A História da Proibição da Maconha no Brasil

A proibição da maconha no Brasil envolve um extenso debate entre o controle social, as pressões internacionais e a saúde pública

A trajetória da criminalização da maconha no Brasil não pode ser compreendida apenas como uma questão de saúde pública. Trata-se de um fenômeno social, político e jurídico que envolve preconceito racial, pressões internacionais e disputas sobre o controle do comportamento social.

Primeiras Proibições da maconha (século XIX)

O primeiro registro normativo brasileiro que mencionou a maconha foi o Código de Posturas da Câmara Municipal do Rio de Janeiro de 1830, que proibia o uso e a venda do chamado pito do pango ou pito do diabo.

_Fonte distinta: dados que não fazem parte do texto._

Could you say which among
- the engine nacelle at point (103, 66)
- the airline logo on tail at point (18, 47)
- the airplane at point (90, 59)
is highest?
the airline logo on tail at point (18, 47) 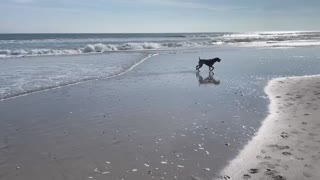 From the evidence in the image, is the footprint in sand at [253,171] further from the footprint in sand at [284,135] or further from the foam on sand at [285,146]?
the footprint in sand at [284,135]

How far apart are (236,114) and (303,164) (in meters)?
3.67

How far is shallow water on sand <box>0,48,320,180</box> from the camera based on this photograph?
613 cm

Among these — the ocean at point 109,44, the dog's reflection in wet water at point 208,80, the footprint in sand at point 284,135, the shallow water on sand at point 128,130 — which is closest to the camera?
the shallow water on sand at point 128,130

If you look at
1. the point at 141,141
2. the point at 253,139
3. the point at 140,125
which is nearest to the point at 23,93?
the point at 140,125

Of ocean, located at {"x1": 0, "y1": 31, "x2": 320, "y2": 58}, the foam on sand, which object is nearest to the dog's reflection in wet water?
the foam on sand

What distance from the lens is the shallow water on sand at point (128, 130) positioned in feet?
20.1

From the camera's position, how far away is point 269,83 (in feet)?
48.9

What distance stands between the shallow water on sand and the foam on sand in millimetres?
291

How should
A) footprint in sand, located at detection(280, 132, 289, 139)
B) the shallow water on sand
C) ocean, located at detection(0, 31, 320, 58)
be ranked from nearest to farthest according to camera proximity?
the shallow water on sand → footprint in sand, located at detection(280, 132, 289, 139) → ocean, located at detection(0, 31, 320, 58)

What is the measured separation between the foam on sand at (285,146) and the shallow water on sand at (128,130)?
291 mm

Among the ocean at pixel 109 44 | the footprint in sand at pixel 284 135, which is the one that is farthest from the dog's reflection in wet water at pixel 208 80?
the ocean at pixel 109 44

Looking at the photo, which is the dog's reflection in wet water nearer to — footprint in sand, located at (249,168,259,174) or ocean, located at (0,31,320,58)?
footprint in sand, located at (249,168,259,174)

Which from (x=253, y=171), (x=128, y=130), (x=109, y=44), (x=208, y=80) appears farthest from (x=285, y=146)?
(x=109, y=44)

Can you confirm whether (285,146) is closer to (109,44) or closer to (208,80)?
Answer: (208,80) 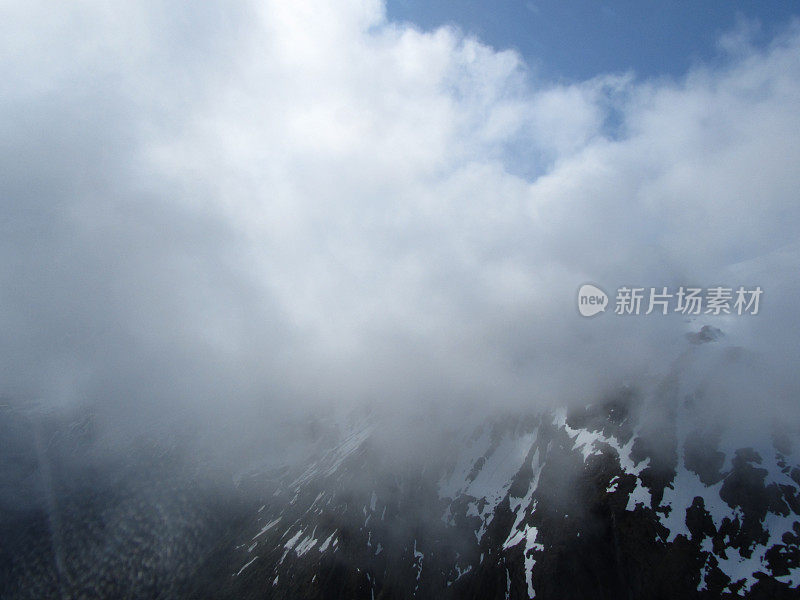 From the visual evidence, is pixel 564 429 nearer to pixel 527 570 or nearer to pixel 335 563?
pixel 527 570

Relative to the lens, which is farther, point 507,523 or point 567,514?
point 507,523

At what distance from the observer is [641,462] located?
125375 millimetres

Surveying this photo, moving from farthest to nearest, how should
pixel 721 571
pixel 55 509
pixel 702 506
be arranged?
1. pixel 55 509
2. pixel 702 506
3. pixel 721 571

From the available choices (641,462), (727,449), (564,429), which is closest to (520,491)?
(564,429)

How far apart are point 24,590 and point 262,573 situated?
3925 inches

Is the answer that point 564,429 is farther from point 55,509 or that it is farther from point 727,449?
point 55,509

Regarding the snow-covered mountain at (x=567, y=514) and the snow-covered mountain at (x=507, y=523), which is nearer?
the snow-covered mountain at (x=567, y=514)

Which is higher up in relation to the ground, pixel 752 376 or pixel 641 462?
pixel 752 376

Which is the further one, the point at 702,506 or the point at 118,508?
the point at 118,508

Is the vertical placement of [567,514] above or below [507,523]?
above

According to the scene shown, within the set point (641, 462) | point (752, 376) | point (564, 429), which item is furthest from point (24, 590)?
point (752, 376)

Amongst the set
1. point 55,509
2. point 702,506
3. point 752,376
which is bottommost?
point 55,509

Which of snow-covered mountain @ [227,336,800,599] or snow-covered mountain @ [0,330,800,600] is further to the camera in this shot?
snow-covered mountain @ [0,330,800,600]

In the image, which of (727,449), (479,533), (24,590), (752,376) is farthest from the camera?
(24,590) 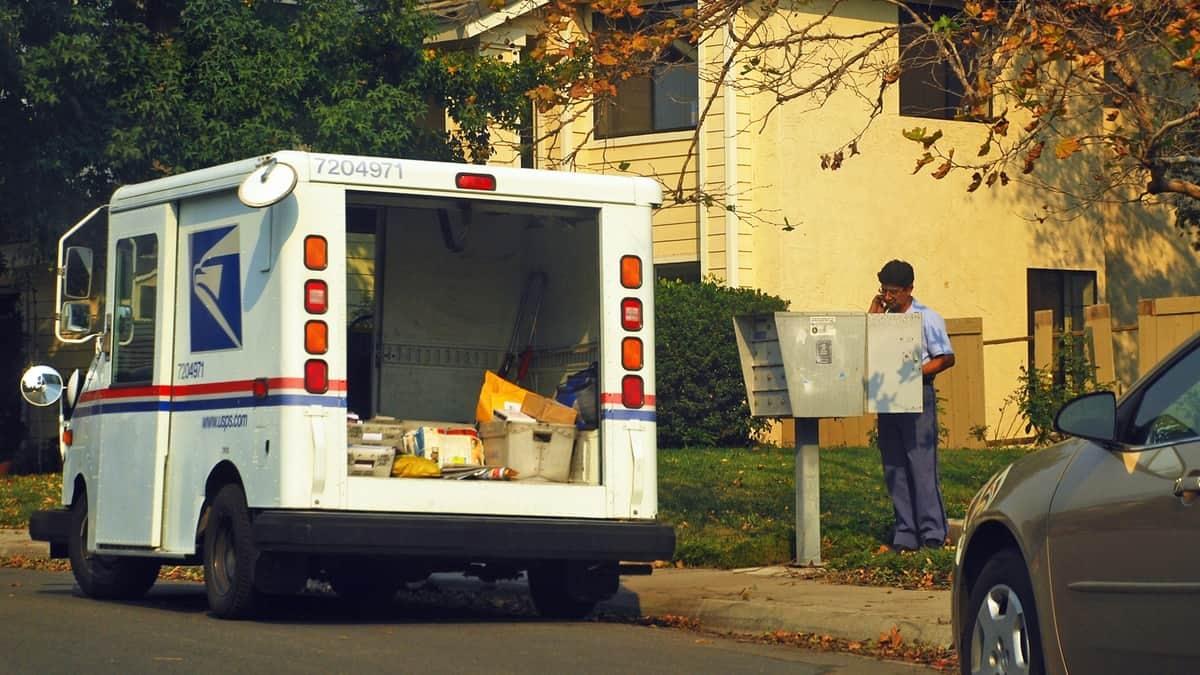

Esse dispositivo não tinha caráter sanitário, mas representava um mecanismo de controle social, voltado especialmente contra populações negras e pobres que faziam uso da planta em práticas culturais e religiosas (CARVALHO, 2018).

A Criminalização Nacional como “entorpecente” (1938)

O marco inicial da proibição em âmbito nacional foi o Decreto-Lei nº 891/1938, que classificou a maconha como “entorpecente”, equiparando-a a substâncias como a cocaína e a morfina.

Esse enquadramento refletiu não apenas preocupações internas, mas sobretudo a influência das convenções internacionais e da política antidrogas dos Estados Unidos, que à época difundiam o ideário da chamada guerra às drogas em escala global (RODRIGUES, 2017).

A Intensificação Durante a Ditadura Militar

Na Ditadura Militar (1964–1985), a repressão ao uso e tráfico de drogas ganhou contornos ainda mais severos. O Decreto-Lei nº 385/1968 e, posteriormente, outras medidas legais não diferenciavam de forma clara o usuário do traficante.

Essa política punitiva serviu também como instrumento de perseguição a movimentos estudantis e opositores políticos, frequentemente associados ao consumo de drogas como forma de justificar a repressão (FIORE, 2005).

A Lei de Tóxicos de 1976

A Lei nº 6.368/1976, conhecida como Lei de Tóxicos, foi a principal norma regulatória sobre drogas até 2006. A legislação trouxe como inovação a tentativa de diferenciar usuário e traficante.

Contudo, na prática, a distinção era imprecisa, e a pena de prisão ainda se aplicava ao usuário. A ausência de critérios objetivos contribuiu para o aumento da população carcerária, atingindo sobretudo jovens negros e pobres (BATISTA, 2011).

A Lei de Drogas Atual (2006)

A atual legislação, Lei nº 11.343/2006, instituiu o Sistema Nacional de Políticas Públicas sobre Drogas (Sisnad). Entre suas inovações, destaca-se a despenalização do porte para consumo pessoal, substituindo a pena de prisão por sanções alternativas, como:

  • Advertência sobre os efeitos das drogas;
  • prestação de serviços à comunidade;
  • participação em cursos ou programas educativos.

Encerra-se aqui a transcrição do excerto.